Genus of single-celled organisms

Tracheloraphis is a genus of ciliates in the family Trachelocercidae.

== Description ==
Like other members of the family Trachelocercidae, Tracheloraphis are relatively large (often >1 mm in length) ciliates with an elongated, worm-like shape, evenly-ciliated cell body, and a distinct "head and neck" region. The cytostome ("mouth", or oral area) is at the apex of the anterior end and is surrounded by cilia (circumoral ciliature). They are distinguished from other genera in the family by having a glabrous stripe, an unciliated area running longitudinally along one side of the body.

Tracheloraphis lives in the marine interstitial habitat, living in the water between sediment grains like most karyorelictean ciliates. They are mostly found in fine- to medium-grained sediment where the grain diameter is between 120 and 400 μm.
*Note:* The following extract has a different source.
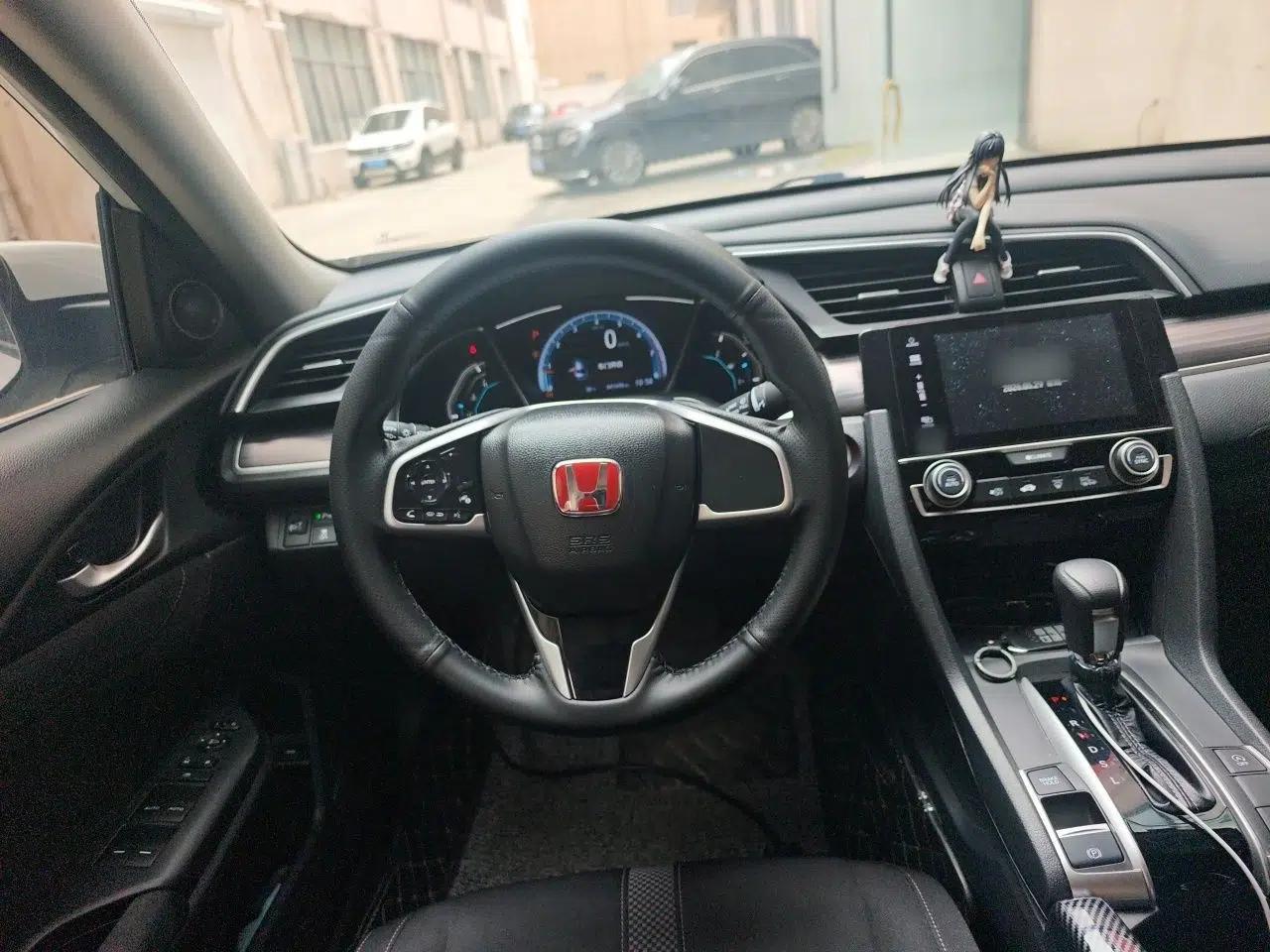 Honda Civic 2019 220TURBO CVT Dynamic Edition China VI — миниатюра 9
Although the "mouth" of the ciliate is usually assumed to be apical, it has been reported that Tracheloraphis can take up food through its glabrous stripe. However, subsequent research has shown that feeding does occur through the apical end in Tracheloraphis and a related genus Sultanophrys, although feeding via the glabrous stripe cannot be completely ruled out.

== Systematics ==
The genus was first defined by Jean Dragesco in 1960, with T. phoenicopterus (Cohn, 1866) (formerly Trachelocerca phoenicopterus) as the type species. At least 55 species of Tracheloraphis have been described.